Data section START

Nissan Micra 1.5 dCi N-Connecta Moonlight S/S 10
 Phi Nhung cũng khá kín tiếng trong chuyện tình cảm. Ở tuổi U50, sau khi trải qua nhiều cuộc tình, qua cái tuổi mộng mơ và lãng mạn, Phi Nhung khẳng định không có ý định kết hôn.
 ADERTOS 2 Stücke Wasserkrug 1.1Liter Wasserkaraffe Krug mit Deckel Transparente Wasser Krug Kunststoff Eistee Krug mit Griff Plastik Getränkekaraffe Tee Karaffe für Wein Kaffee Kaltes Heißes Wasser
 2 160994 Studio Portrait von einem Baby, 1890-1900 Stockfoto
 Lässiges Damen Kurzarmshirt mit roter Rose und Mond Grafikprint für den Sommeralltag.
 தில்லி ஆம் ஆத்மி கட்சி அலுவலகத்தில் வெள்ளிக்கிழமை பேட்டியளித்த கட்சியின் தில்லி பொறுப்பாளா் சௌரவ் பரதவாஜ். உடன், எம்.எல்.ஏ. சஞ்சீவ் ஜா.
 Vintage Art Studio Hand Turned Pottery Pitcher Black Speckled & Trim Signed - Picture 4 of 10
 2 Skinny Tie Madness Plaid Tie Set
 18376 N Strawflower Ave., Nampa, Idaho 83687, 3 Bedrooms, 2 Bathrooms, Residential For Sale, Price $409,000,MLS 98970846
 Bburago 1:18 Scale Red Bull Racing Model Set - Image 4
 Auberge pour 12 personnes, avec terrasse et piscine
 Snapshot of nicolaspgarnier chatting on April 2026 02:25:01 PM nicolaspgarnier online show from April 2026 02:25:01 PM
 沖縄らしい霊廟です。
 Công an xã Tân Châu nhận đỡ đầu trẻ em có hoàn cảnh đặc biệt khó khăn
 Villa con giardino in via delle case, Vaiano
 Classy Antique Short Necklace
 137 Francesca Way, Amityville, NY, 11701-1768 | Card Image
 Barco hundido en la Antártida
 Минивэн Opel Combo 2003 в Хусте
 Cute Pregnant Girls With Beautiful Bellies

Data section END

### Work item
Reproduce the entries above exactly, but only the lines between the line holding "தில்லி ஆம் ஆத்மி" and the line holding "Vintage Art Studio", inclusive.

### Result
 தில்லி ஆம் ஆத்மி கட்சி அலுவலகத்தில் வெள்ளிக்கிழமை பேட்டியளித்த கட்சியின் தில்லி பொறுப்பாளா் சௌரவ் பரதவாஜ். உடன், எம்.எல்.ஏ. சஞ்சீவ் ஜா.
 Vintage Art Studio Hand Turned Pottery Pitcher Black Speckled & Trim Signed - Picture 4 of 10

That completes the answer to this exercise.